Par ordonnance du 10 octobre 2022, le Procureur rejeta la demande de nouvelle audition, en application de l'art. 154 al. 4 CPP, rappelant qu'un enfant ne devrait pas, en principe, être interrogé plus d'une fois et que le prévenu avait pu, lors de différentes audiences, s'exprimer sur les déclarations de ses enfants. La plupart des questions proposées par le prévenu paraissaient orientées et fermées, et ne pourraient donc pas être posées; de nombreuses questions portaient sur des points pouvant être déterminés par l'audition d'autres personnes. Au vu de l'atteinte psychique qui en résulterait vraisemblablement pour les enfants, une nouvelle audition EVIG ne se justifiait pas. 
 
C.  
Par arrêt du 3 novembre 2022, la Chambre pénale de recours de la Cour de justice du canton de Genève a déclaré irrecevable le recours du prévenu contre cette décision. A l'encontre d'un rejet de réquisition de preuve, le recours n'était ouvert, selon l'art. 394 let. b CPP, qu'en présence d'un préjudice juridique, soit un risque de disparition de la preuve. En l'occurrence, la réquisition pourrait être renouvelée devant le Tribunal de première instance, voire devant les instances de recours. Les enfants vivaient à Genève et rien ne permettait de considérer que leurs déclarations ne pourraient plus être recueillies, ou qu'elles seraient altérées. 
 
D.  
Par acte du 2 décembre 2022, A.________ forme un recours en matière pénale par lequel il demande au Tribunal fédéral de réformer l'arrêt cantonal en ce sens que son recours est déclaré recevable, la cause étant renvoyée à la Chambre pénale de recours afin qu'elle statue sur le fond. Il prend des conclusions subsidiaires tendant également au renvoi de la cause à l'instance précédente. La Cour cantonale n'a pas formulé d'observations. Le Ministère public conclut au rejet du recours.

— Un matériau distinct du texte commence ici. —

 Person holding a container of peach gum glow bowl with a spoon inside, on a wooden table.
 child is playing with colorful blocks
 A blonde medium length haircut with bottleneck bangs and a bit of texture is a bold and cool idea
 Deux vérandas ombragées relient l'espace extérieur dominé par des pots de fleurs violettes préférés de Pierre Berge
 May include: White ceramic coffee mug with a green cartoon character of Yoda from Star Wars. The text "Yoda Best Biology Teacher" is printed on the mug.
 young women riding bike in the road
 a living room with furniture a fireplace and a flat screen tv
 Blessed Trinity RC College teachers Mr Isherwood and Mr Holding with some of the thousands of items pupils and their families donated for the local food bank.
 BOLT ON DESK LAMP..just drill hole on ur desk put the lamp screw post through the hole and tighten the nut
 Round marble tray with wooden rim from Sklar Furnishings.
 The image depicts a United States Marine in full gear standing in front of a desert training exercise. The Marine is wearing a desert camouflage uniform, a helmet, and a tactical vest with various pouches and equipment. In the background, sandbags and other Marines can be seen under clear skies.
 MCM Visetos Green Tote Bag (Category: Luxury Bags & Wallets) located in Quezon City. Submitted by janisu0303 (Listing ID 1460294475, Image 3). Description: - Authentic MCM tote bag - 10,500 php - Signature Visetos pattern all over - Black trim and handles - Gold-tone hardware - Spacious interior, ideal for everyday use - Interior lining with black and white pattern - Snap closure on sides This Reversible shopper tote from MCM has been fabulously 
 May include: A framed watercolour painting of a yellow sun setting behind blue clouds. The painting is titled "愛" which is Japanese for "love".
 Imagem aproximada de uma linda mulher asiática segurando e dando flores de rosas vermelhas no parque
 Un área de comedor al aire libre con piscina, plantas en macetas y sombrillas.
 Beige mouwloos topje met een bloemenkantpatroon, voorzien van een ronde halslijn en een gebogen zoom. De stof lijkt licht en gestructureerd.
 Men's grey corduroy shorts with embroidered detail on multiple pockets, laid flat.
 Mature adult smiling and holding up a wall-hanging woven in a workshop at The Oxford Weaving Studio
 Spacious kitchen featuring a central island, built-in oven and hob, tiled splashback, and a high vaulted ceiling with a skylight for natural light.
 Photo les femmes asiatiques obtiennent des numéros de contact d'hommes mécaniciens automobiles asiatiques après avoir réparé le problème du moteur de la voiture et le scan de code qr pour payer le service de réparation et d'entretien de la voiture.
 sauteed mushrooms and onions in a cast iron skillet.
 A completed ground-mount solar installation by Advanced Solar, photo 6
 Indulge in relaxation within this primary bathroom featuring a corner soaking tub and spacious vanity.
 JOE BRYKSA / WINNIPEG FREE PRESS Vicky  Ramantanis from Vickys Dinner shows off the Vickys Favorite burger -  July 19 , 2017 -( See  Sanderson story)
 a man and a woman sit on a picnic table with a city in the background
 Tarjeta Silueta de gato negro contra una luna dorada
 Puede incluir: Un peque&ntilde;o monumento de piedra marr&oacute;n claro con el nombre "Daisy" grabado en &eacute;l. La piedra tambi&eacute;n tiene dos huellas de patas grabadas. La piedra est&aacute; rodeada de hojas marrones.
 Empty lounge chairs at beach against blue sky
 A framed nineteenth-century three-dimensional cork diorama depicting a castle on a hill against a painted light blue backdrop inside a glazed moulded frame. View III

Dans ses dernières écritures, du 30 janvier 2023, le recourant persiste dans ses conclusions. 
 
 
Considérant en droit :  
 
1.  
L'arrêt attaqué est une décision d'irrecevabilité rendue en dernière instance cantonale dans une cause pénale. Le recours au sens des art. 78 ss LTF est ainsi ouvert. Dès lors que la cour cantonale n'est pas entrée en matière sur le recours qui lui était soumis, seule cette question formelle peut être soumise au Tribunal fédéral. 
 
1.1. La décision par laquelle le Ministère public rejette la réquisition de preuve formulée par le recourant constitue une décision incidente. Il en va de même de l'arrêt attaqué qui en partage la nature. Le recours en matière pénale n'est donc en principe recevable qu'aux conditions de l'art. 93 al. 1 LTF, soit si la décision attaquée peut causer un préjudice irréparable (art. 93 al. 1 let. a LTF) ou si l'admission du recours peut conduire immédiatement à une décision finale qui permet d'éviter une procédure probatoire longue et coûteuse (art. 93 al. 1 let. b LTF). Toutefois, le Tribunal fédéral renonce à l'exigence d'un préjudice irréparable lorsque le recours est formé pour déni de justice formel (ATF 141 IV 1 consid. 1.1; 138 IV 258 consid. 1.1). Tel est notamment le cas lorsque, comme en l'espèce, l'existence d'un droit de recours a été niée au niveau cantonal (arrêts 1B_108/2022 du 10 octobre 2022 consid. 1.3.1; 1B_266/2017 du 5 octobre 2017 consid. 1.2).  
 
1.2. Pour le surplus, le recours est formé en temps utile (art. 100 al. 1 LTF) et le recourant, auteur d'un recours déclaré irrecevable par la cour cantonale, a qualité pour contester ce prononcé (art. 81 al. 1 LTF).  
 
2.  
Invoquant l'art. 394 let. b CPP, le recourant reproche à la cour cantonale d'avoir retenu, de manière générale, qu'une demande d'audition pourrait être réitérée sans préjudice irréparable devant les juridictions de jugement, sans tenir compte des particularités liées aux auditions de victimes mineures: celles-ci doivent en effet avoir lieu dès que possible (cf. art. 154 al. 2 CPP). Se fondant sur des ouvrages spécialisés (qu'il qualifie de faits notoires) ainsi que sur la jurisprudence (arrêt 1P.549/2001 du 11 janvier 2001), le recourant relève que les jeunes enfants peuvent avoir tendance à confondre leurs propres souvenirs avec les informations nouvelles qui peuvent leur être suggérées. Ainsi, le délai entre les auditions ne devrait pas dépasser six mois. Compte tenu de ce risque d'altération très rapide, un préjudice irréparable aurait dû être retenu par la cour cantonale dès lors que neuf mois s'étaient déjà écoulés depuis l'audition EVIG, menée en l'absence du recourant et de son conseil. Si une nouvelle audition devait être ordonnée en fin de procédure, elle serait indéniablement altérée. 
 
2.1. A teneur de l'art. 393 al. 1 let. a CPP, le recours est ouvert contre les décisions et les actes de procédure de la police, du ministère public et des autorités pénales compétentes en matière de contraventions. Le recours est irrecevable lorsque le ministère public ou l'autorité pénale compétente en matière de contraventions rejette une réquisition de preuves qui peut être réitérée sans préjudice juridique devant le tribunal de première instance (art. 394 let. b CPP; ATF 143 IV 475 consid. 2.5).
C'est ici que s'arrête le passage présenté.